Segment Open

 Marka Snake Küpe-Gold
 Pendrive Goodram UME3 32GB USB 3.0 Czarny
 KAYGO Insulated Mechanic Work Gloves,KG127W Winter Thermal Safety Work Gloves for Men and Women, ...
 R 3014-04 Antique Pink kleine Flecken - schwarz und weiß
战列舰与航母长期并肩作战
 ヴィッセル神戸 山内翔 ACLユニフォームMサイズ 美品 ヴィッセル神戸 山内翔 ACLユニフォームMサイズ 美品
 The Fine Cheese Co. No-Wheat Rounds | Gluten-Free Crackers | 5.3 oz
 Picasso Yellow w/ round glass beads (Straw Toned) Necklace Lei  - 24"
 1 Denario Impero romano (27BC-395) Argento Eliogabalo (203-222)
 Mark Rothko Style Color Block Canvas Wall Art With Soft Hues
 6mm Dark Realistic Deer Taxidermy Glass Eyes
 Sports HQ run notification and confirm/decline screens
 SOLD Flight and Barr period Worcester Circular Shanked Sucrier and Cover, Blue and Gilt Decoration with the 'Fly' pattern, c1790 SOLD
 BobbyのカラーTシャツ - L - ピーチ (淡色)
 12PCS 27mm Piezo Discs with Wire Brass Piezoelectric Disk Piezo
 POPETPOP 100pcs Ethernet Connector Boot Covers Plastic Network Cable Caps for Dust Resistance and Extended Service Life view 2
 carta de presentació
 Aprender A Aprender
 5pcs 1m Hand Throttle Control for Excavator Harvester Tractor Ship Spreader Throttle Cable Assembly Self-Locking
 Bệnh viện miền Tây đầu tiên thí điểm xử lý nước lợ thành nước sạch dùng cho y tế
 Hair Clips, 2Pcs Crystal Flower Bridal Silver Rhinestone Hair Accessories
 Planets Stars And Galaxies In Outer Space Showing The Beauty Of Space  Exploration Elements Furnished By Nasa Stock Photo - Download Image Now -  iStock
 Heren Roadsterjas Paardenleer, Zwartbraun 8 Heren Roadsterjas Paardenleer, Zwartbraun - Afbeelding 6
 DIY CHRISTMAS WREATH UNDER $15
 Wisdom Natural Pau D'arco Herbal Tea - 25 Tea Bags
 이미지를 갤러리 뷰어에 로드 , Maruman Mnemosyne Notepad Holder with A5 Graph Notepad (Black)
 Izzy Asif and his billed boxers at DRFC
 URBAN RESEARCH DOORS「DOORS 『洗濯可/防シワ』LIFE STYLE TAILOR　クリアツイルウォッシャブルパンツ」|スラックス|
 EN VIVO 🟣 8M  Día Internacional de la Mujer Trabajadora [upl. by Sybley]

Segment Closed

Description of the task:
Sift the material for lines that include the word "Cable", and copy each one.

Answer below:
 POPETPOP 100pcs Ethernet Connector Boot Covers Plastic Network Cable Caps for Dust Resistance and Extended Service Life view 2
 5pcs 1m Hand Throttle Control for Excavator Harvester Tractor Ship Spreader Throttle Cable Assembly Self-Locking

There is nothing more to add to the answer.